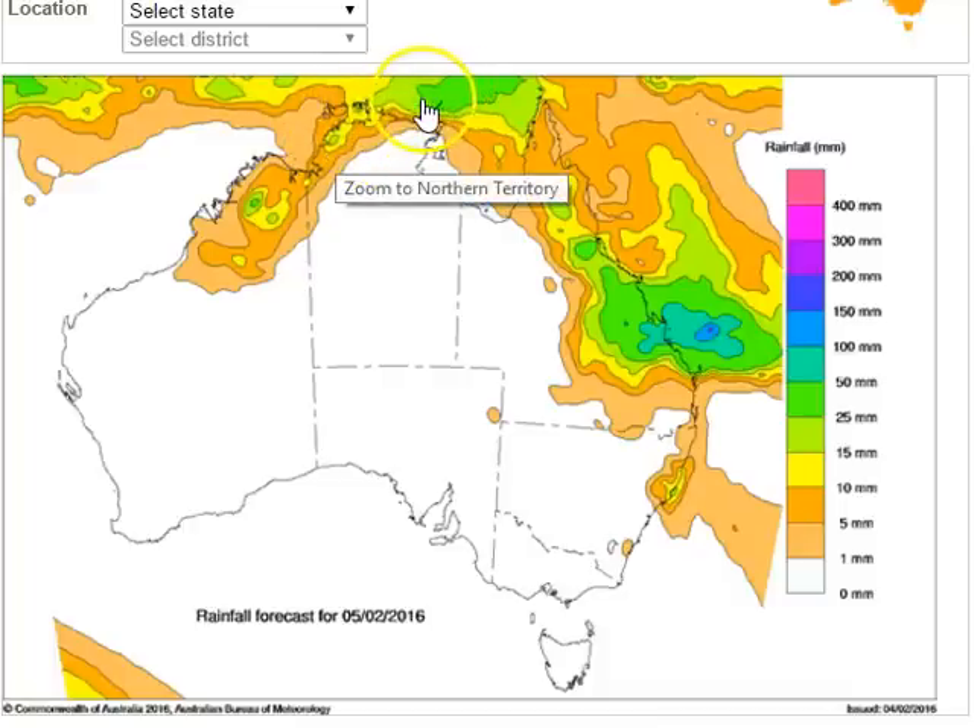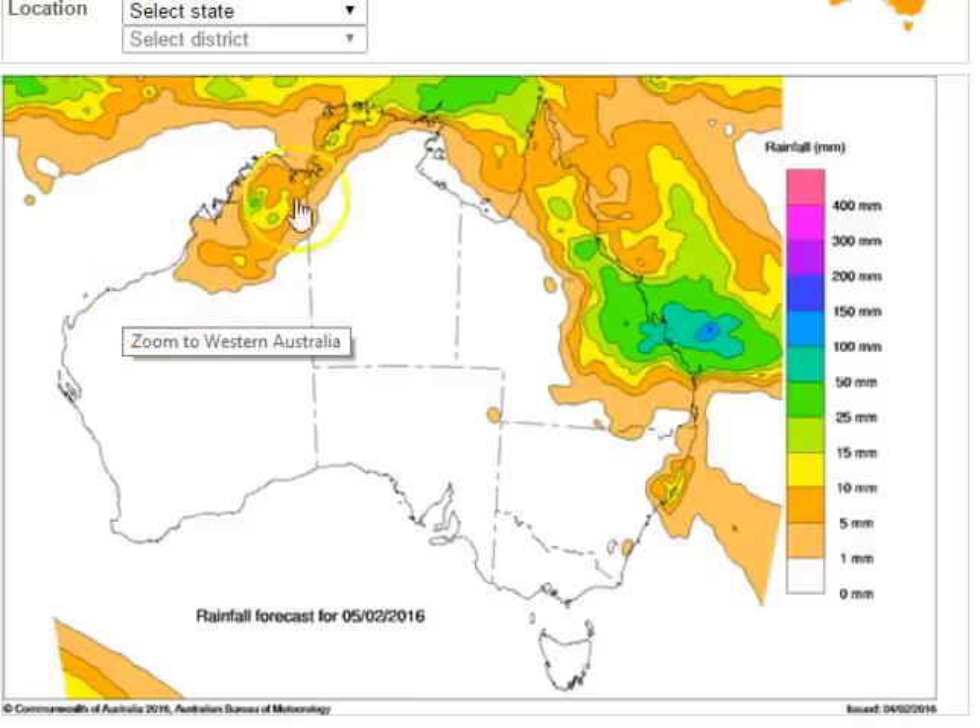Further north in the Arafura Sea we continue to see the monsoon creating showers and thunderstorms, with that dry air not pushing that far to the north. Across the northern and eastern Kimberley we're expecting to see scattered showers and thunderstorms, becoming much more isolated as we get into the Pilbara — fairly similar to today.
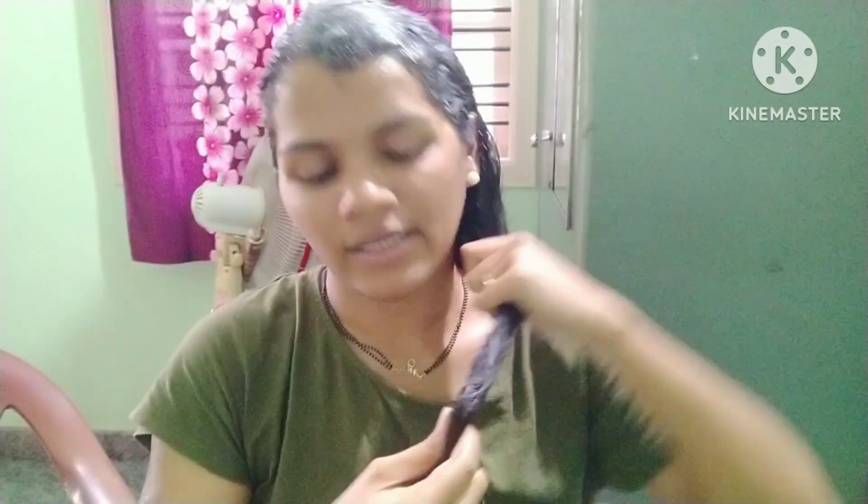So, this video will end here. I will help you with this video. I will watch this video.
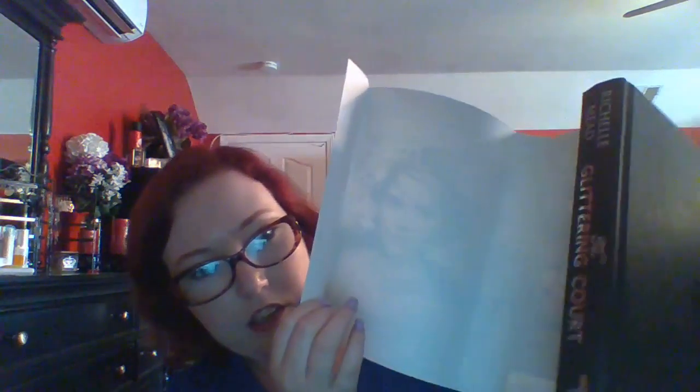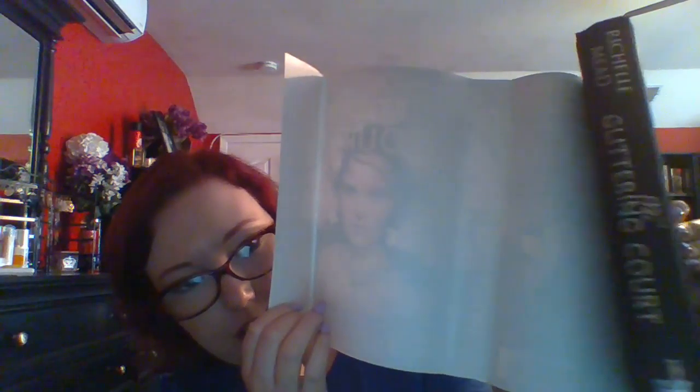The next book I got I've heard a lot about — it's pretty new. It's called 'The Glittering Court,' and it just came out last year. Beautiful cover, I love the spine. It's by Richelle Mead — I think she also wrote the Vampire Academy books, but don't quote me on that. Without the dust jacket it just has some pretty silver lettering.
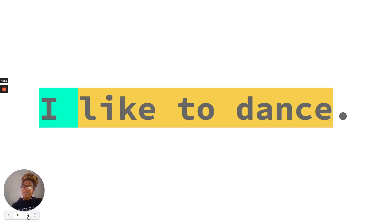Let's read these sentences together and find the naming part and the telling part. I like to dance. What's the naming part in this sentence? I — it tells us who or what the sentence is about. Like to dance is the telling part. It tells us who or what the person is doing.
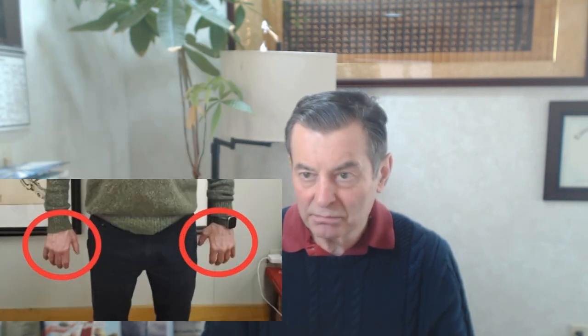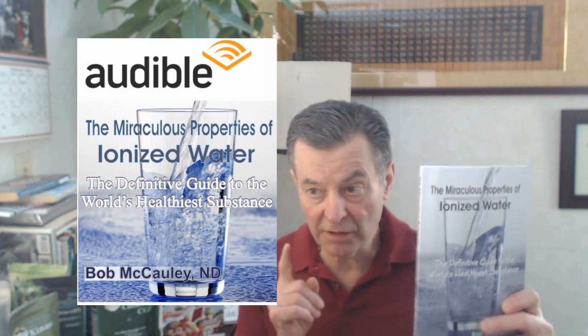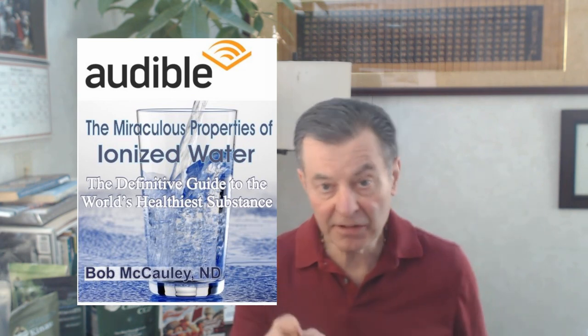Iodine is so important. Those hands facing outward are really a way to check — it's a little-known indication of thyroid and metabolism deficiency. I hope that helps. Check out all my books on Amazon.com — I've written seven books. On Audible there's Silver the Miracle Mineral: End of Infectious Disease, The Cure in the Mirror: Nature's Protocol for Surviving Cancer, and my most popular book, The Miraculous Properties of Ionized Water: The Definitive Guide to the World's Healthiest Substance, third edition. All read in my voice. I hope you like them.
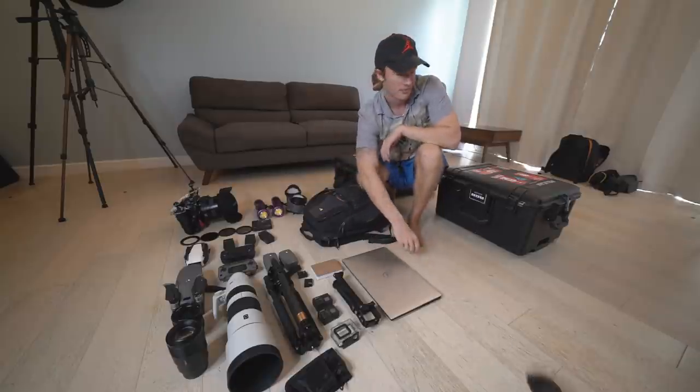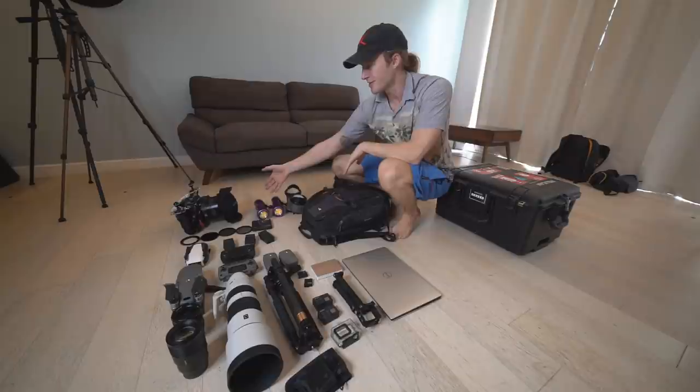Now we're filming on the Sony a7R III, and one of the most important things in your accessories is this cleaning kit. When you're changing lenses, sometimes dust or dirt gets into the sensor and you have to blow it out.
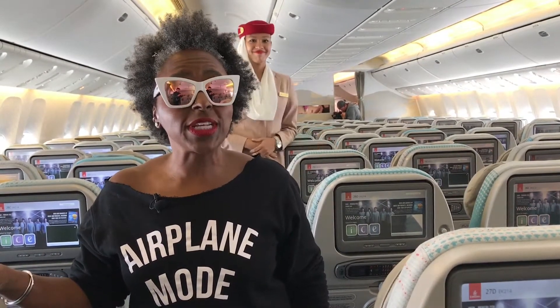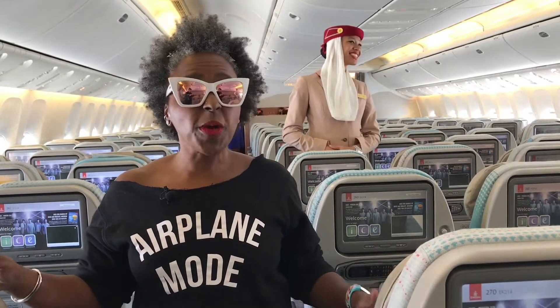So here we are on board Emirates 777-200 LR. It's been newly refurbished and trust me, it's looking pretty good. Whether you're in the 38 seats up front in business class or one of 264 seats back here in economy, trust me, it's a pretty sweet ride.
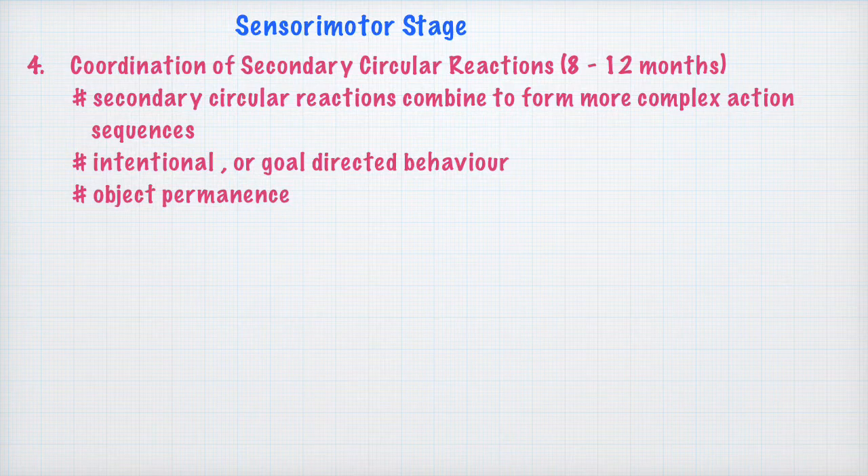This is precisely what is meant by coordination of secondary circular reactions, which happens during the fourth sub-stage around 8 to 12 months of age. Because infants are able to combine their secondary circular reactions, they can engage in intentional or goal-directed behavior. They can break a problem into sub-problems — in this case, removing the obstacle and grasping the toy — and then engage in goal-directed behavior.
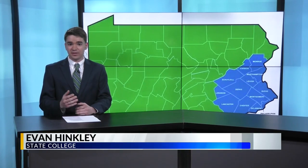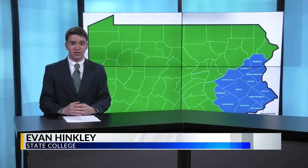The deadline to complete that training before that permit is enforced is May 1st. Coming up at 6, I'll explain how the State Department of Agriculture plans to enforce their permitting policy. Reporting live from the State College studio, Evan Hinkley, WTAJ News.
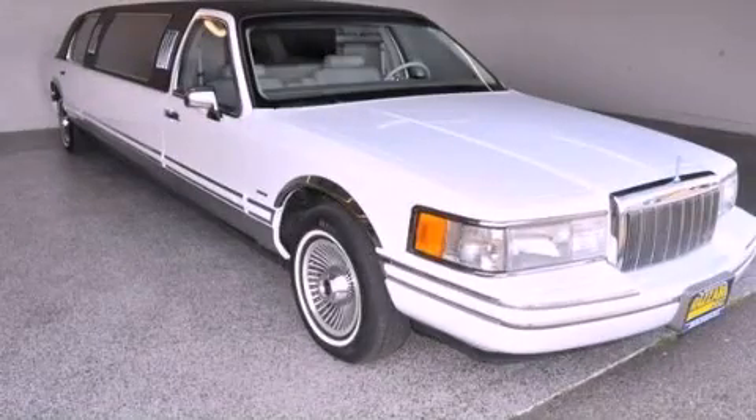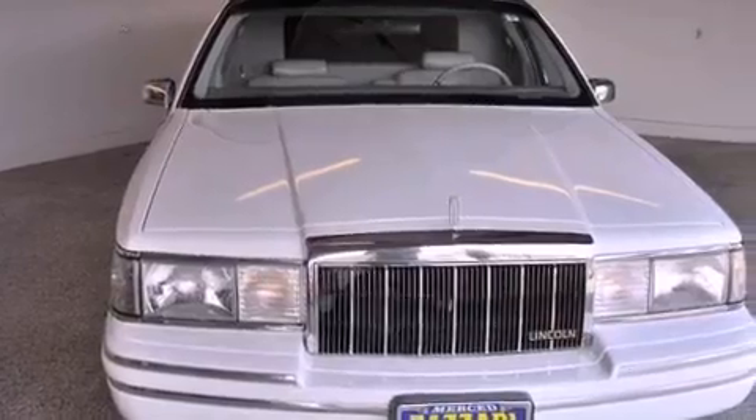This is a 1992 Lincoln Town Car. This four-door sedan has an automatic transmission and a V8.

#### [PROMPT]
Skip the pictures and output all entries exactly.

#### [WRITTEN REPLY]
Further north in the Arafura Sea we continue to see the monsoon creating showers and thunderstorms, with that dry air not pushing that far to the north. Across the northern and eastern Kimberley we're expecting to see scattered showers and thunderstorms, becoming much more isolated as we get into the Pilbara — fairly similar to today.
So, this video will end here. I will help you with this video. I will watch this video.
The next book I got I've heard a lot about — it's pretty new. It's called 'The Glittering Court,' and it just came out last year. Beautiful cover, I love the spine. It's by Richelle Mead — I think she also wrote the Vampire Academy books, but don't quote me on that. Without the dust jacket it just has some pretty silver lettering.
Let's read these sentences together and find the naming part and the telling part. I like to dance. What's the naming part in this sentence? I — it tells us who or what the sentence is about. Like to dance is the telling part. It tells us who or what the person is doing.
Iodine is so important. Those hands facing outward are really a way to check — it's a little-known indication of thyroid and metabolism deficiency. I hope that helps. Check out all my books on Amazon.com — I've written seven books. On Audible there's Silver the Miracle Mineral: End of Infectious Disease, The Cure in the Mirror: Nature's Protocol for Surviving Cancer, and my most popular book, The Miraculous Properties of Ionized Water: The Definitive Guide to the World's Healthiest Substance, third edition. All read in my voice. I hope you like them.
Now we're filming on the Sony a7R III, and one of the most important things in your accessories is this cleaning kit. When you're changing lenses, sometimes dust or dirt gets into the sensor and you have to blow it out.
So here we are on board Emirates 777-200 LR. It's been newly refurbished and trust me, it's looking pretty good. Whether you're in the 38 seats up front in business class or one of 264 seats back here in economy, trust me, it's a pretty sweet ride.
This is precisely what is meant by coordination of secondary circular reactions, which happens during the fourth sub-stage around 8 to 12 months of age. Because infants are able to combine their secondary circular reactions, they can engage in intentional or goal-directed behavior. They can break a problem into sub-problems — in this case, removing the obstacle and grasping the toy — and then engage in goal-directed behavior.
The deadline to complete that training before that permit is enforced is May 1st. Coming up at 6, I'll explain how the State Department of Agriculture plans to enforce their permitting policy. Reporting live from the State College studio, Evan Hinkley, WTAJ News.
This is a 1992 Lincoln Town Car. This four-door sedan has an automatic transmission and a V8.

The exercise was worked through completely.